Robust Design and Evaluation of Predictive Algorithms under Unobserved Confounding
Ashesh Rambachan, Amanda Coston, Edward Kennedy
TL;DR
The paper tackles the problem of predictive algorithms trained and evaluated under selective labels, where outcomes are only observed for prioritized units, by introducing a covariate-dependent confounding bound $\delta(x)$ that partially identifies conditional likelihoods and performance metrics. It develops a unified framework that subsumes observed-outcome bounds, proxy-outcome bounds, and instrumental-variable bounds, and provides practical, debiased estimators with oracle-like guarantees for both design (estimating $P(Y^*=1|X)$) and evaluation (bounding overall and class-specific performance). The authors prove an oracle inequality for pseudo-outcome regression, derive regret bounds for plug-in rules, and establish asymptotic normality of debiased estimators under mild regularity, enabling valid inference across bounding strategies and performance measures.
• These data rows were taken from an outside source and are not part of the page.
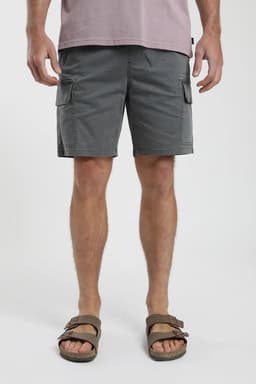 Short Travel Hombre Froens- Algodon Organico Azul S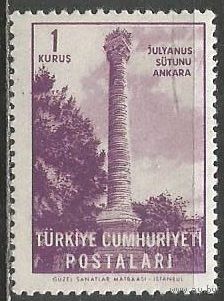 Турция. Юлианская колонна в Анкаре. 1963г. Mi#1896.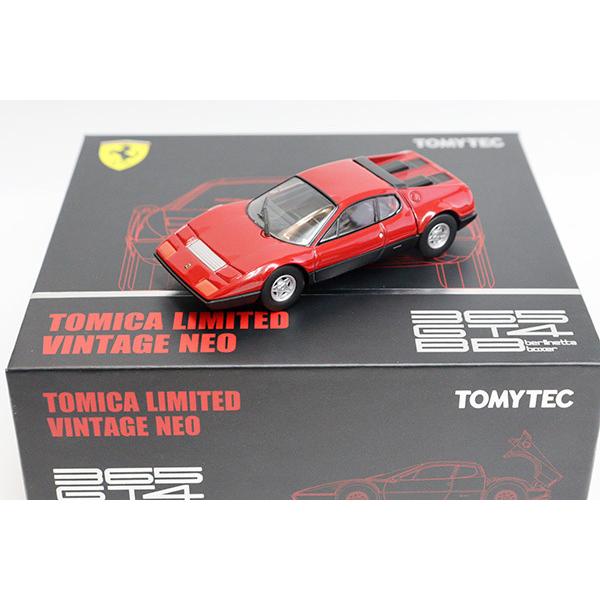 TOMYTEC トミカリミテッドヴィンテージネオ フェラーリ365GT4BB(赤)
An empirical application to credit risk data demonstrates substantial re-ranking of risk scores and fairness conclusions that depend on the assumed level of unobserved confounding, underscoring the framework’s value for robust accountability in high-stakes settings.
Abstract
Predictive algorithms inform consequential decisions in settings with selective labels: outcomes are observed only for units selected by past decision makers. This creates an identification problem under unobserved confounding -- when selected and unselected units differ in unobserved ways that affect outcomes. We propose a framework for robust design and evaluation of predictive algorithms that bounds how much outcomes may differ between selected and unselected units with the same observed characteristics. These bounds formalize common empirical strategies including proxy outcomes and instrumental variables. Our estimators work across bounding strategies and performance measures such as conditional likelihoods, mean square error, and true/false positive rates. Using administrative data from a large Australian financial institution, we show that varying confounding assumptions substantially affects credit risk predictions and fairness evaluations across income groups.